El problema al que nos enfrentamos reside primordialmente en el hecho de que el proceso constituyente no es fruto de una ruptura histórica ni de una interrupción del orden jurídico; se produce en el contexto de una transición política, que determinó inclusive la conformación del órgano constituyente, que sigue mereciendo críticas de algunos actores, pero que es menester acatar, ya que ha sido mandatado por el artículo 122 de la Carta Magna. Estamos además inmersos en un alarmante debilitamiento de las instituciones públicas, en una acérrima confrontación entre los partidos y en la víspera de elecciones definitorias para el futuro de país.
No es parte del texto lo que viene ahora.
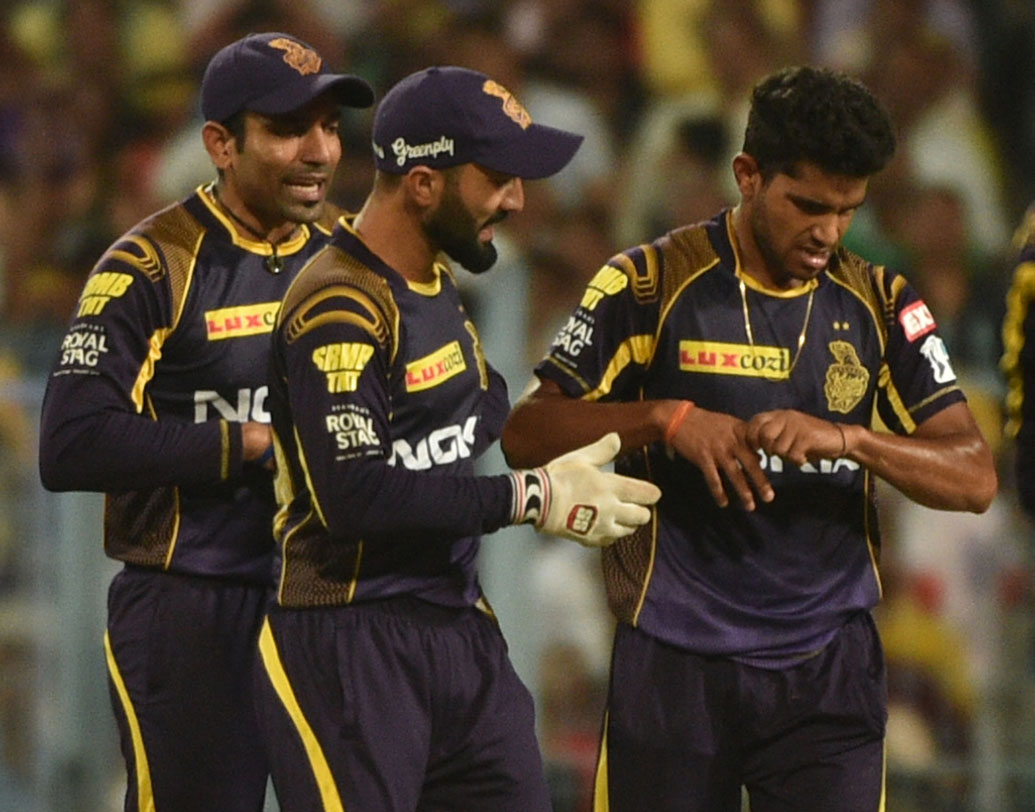 বল করতে গিয়ে আঙুলে চোট পেলেন শিভম মাভি।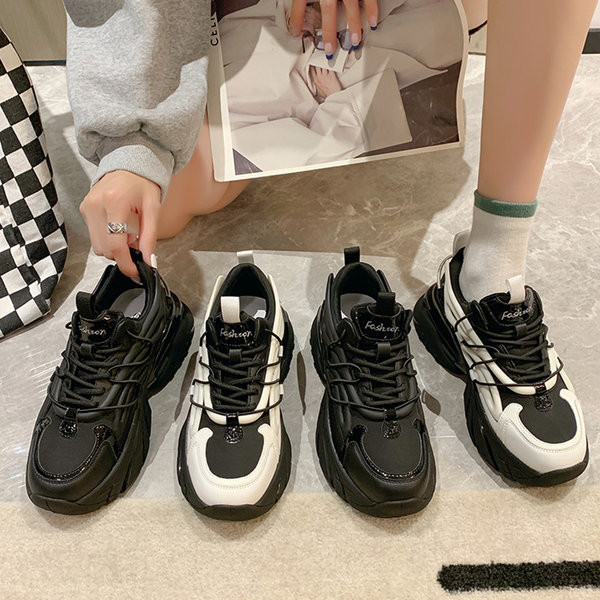 Női tornacipő fekete-fehér színben, magas talppal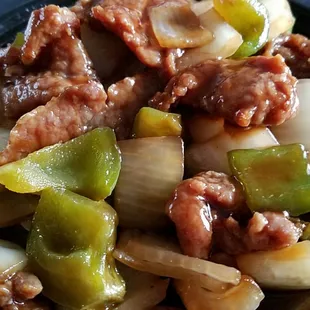 Pepper Beef w/ Onion (Is not Black Pepper Beef w/ peppers &amp; onion) =(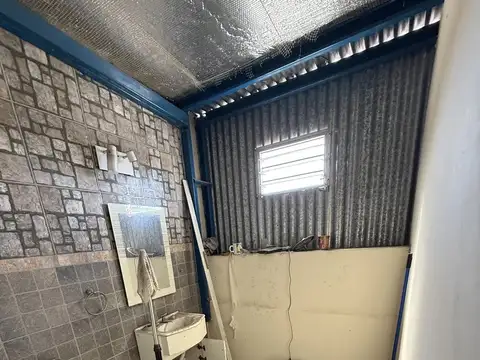 Galpón 230 M2 En Pb + Altillo En Alquiler, Todos Los Servicios, La Tablada.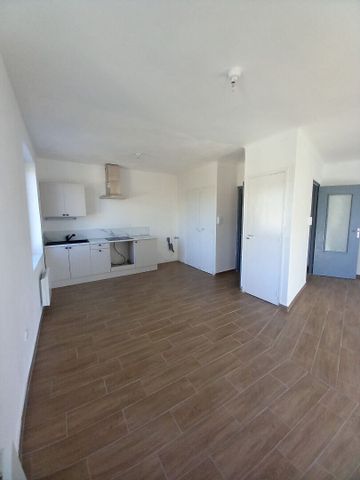 Grand T4 rue recherchée MANOSQUE - Photo 4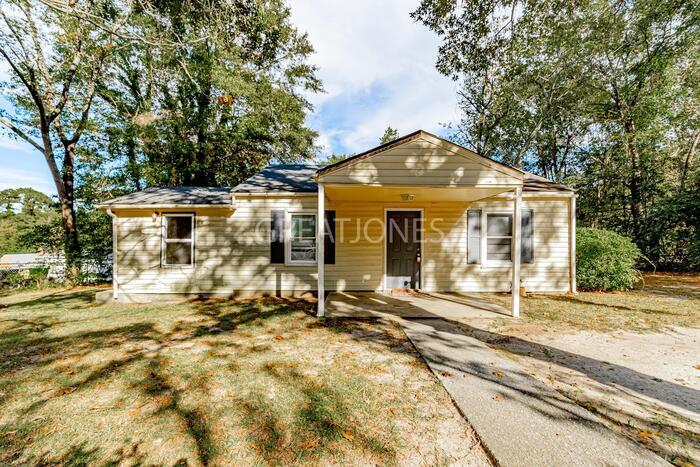 Primary Photo - 3512 Baxter Dr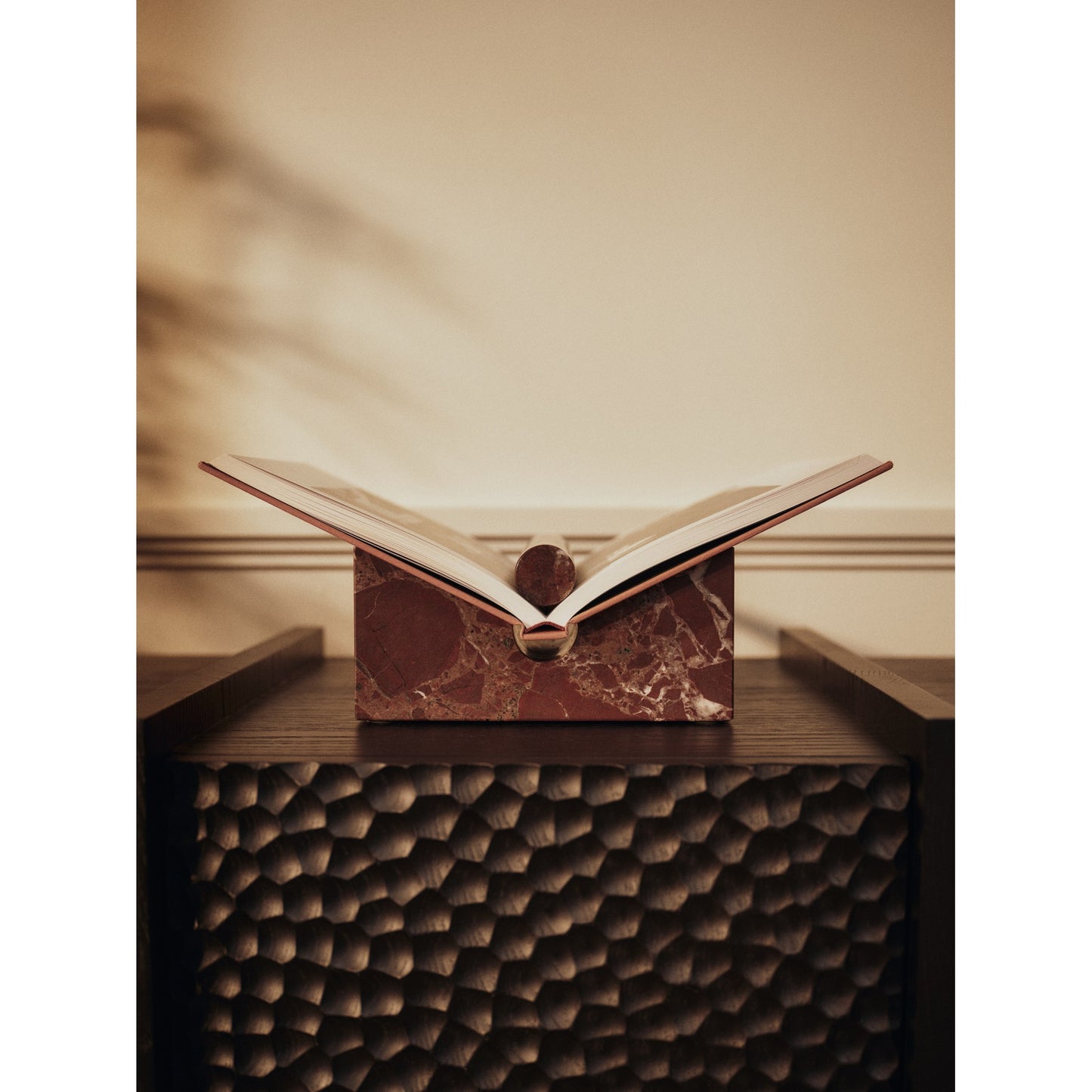 Tvara Book Stand - Rosso Levanto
Los precedentes de otros constituyentes nacionales son muy lejanos y no se aplican a las circunstancias actuales. Los que ofrecen los casos en que territorios de la federación se convirtieron en Estados tampoco son referentes, puesto que se trató de meros formalismos ausentes de debate político. Tuvimos y tendremos que seguir apelando al espíritu de innovación y al equilibrio de los intereses de los grupos constituyentes que responde a posicionamientos ideológicos, pero también a una prometedora oportunidad de contar con un foro adicional para resaltar sus perfiles y proyectar su imagen frente a la población. Habiendo por delante un periodo de sesiones de sólo cuatro meses, es obvio que el excesivo afán de lucimiento debiera ceder ante la obligación colectiva de aprobar la Constitución.
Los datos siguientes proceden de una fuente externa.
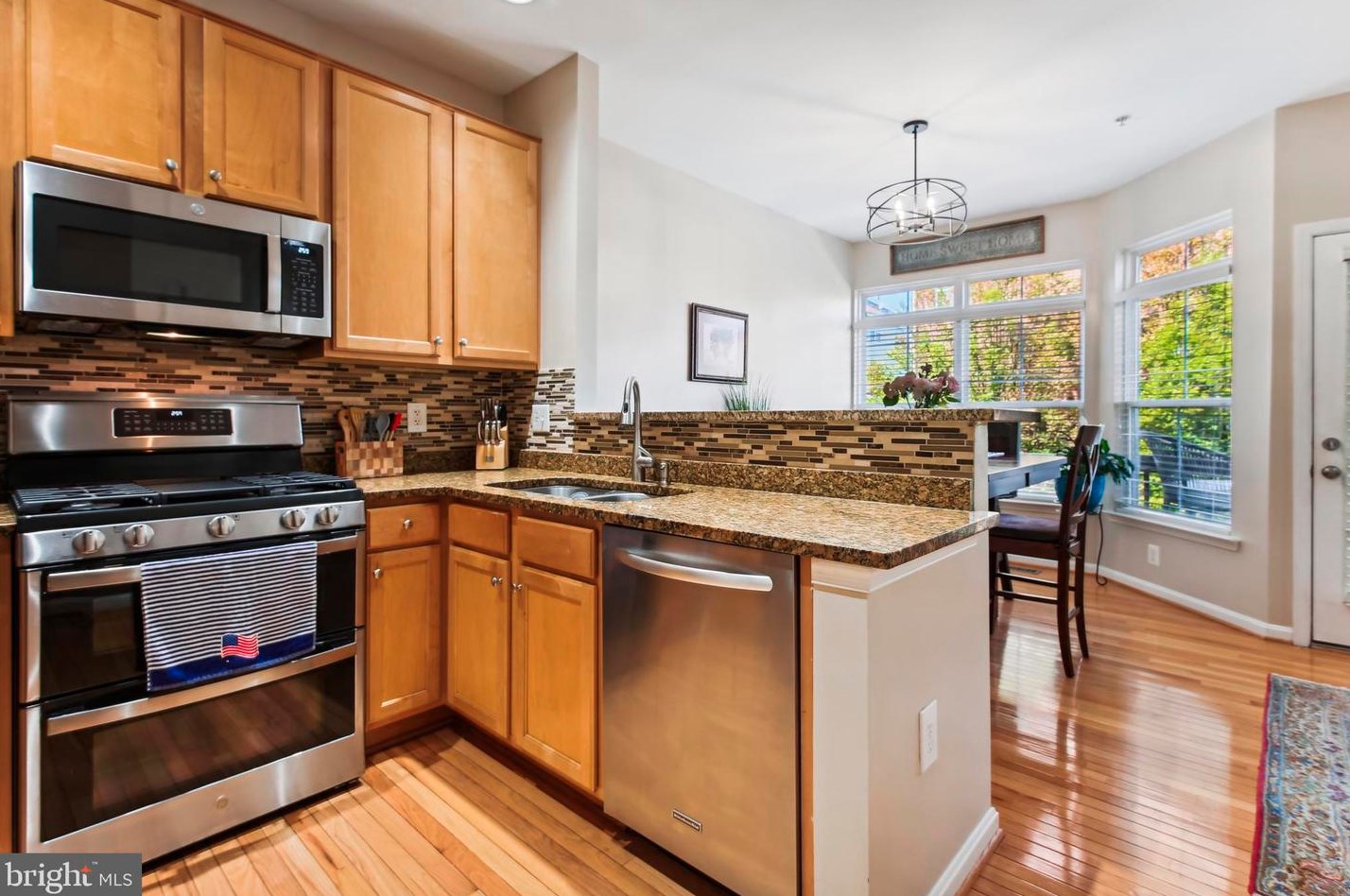 5003 Donovan Dr, Alexandria VA  22304-8620 exterior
Me correspondió coordinar los trabajos para la adopción del reglamento, con el apoyo de la Junta Instaladora y en particular con su presidente Augusto Gómez Villanueva. Asumimos como método el del mayor acuerdo posible —lo más cercano al consenso— y logramos que ningún punto fuese sometido a votación. El ejercicio se mantuvo abierto a los diputados constituyentes que quisiesen participar, aunque no fueran miembros de la comisión, de los que recibimos aportes sustantivos. El debate fue intenso y por momentos polarizado. Lo presidió un ánimo igualitario, con independencia del peso político de los grupos representados y las discusiones se condujeron con cordialidad, respeto y hasta buen humor.
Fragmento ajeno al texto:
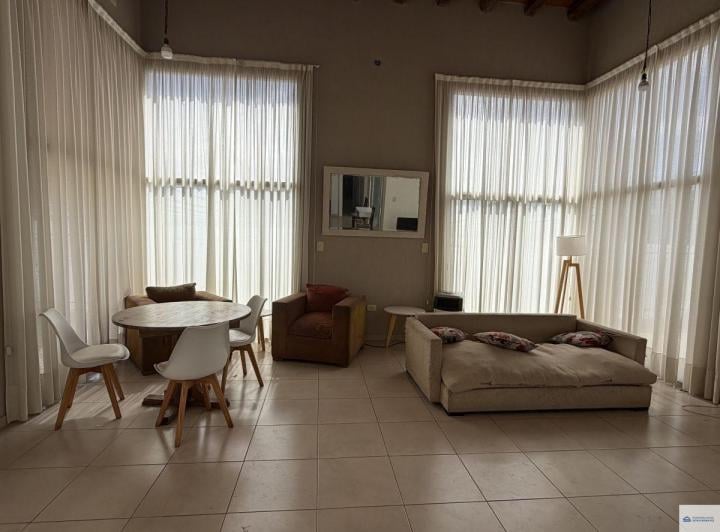 Casa · 120m² · 3 Ambientes · 2 Cocheras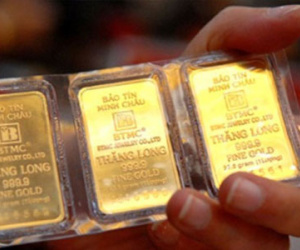 Vàng tăng giá mạnh, USD ngân hàng quay đầu đi xuống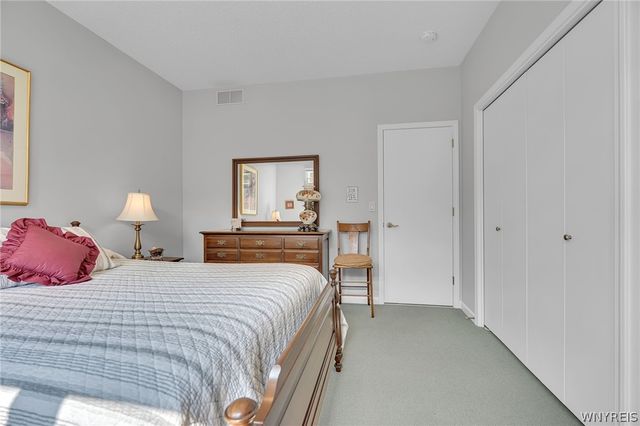 267 Lord Byron Lane, Amherst, NY 14221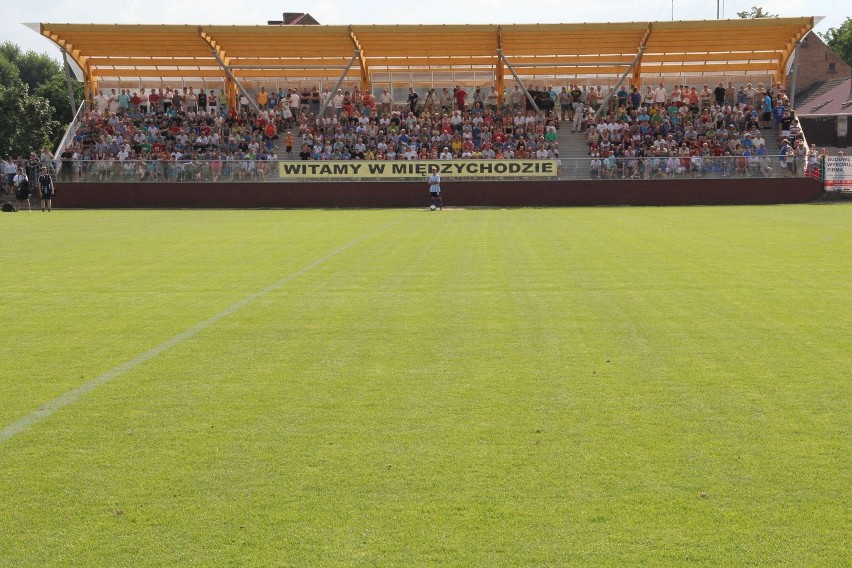 Burza nad stadionem miejskim i niezwykłe zachowanie międzychodzkich kibiców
Los principios cardinales asumidos por unanimidad fueron la transparencia, la rendición de cuentas y el parlamento abierto; por lo que se diseñaron mecanismos específicos para asegurar la más amplia difusión de los debates y la participación efectiva de la sociedad civil y de sus organizaciones, así como de la academia y los expertos en el curso de los trabajos. Se logró trascender prácticas corrientes habituales del parlamentarismo mexicano, que favorecen los intercambios políticos por debajo de la mesa y se instauraron normas claras para evitar que el cabildeo se traduzca en actos abiertos de corrupción.

Se establecieron ocho comisiones y su necesario equilibrio con el pleno. El número de estas corresponde a conjuntos temáticos bien delimitados y permite a los grupos parlamentarios más pequeños atender los asuntos fundamentales que les preocupan. Se decidió, asimismo, respetar los derechos inalienables de los constituyentes, estableciendo también procedimientos que eviten el bloqueo de los trabajos y hagan posible la armonización jurídica de los textos aprobados.

Tras enfrentados posicionamientos, se adopto el método de discusión artículo por artículo en el pleno, antes de aprobar los dictámenes de las comisiones en lo general, aunque la tradición del país sugiera lo contrario. Se requerirá un sentido de contención y un orden parlamentario fundado en el compromiso común a efecto de que esta modalidad no se traduzca en un empantanamiento insalvable de nuestro quehacer. A pesar de estos inconvenientes quedó acreditada la determinación de proveer a la ciudad de una Constitución democrática: de construir instituciones que restauren la confianza social y devuelvan certidumbre a la nación.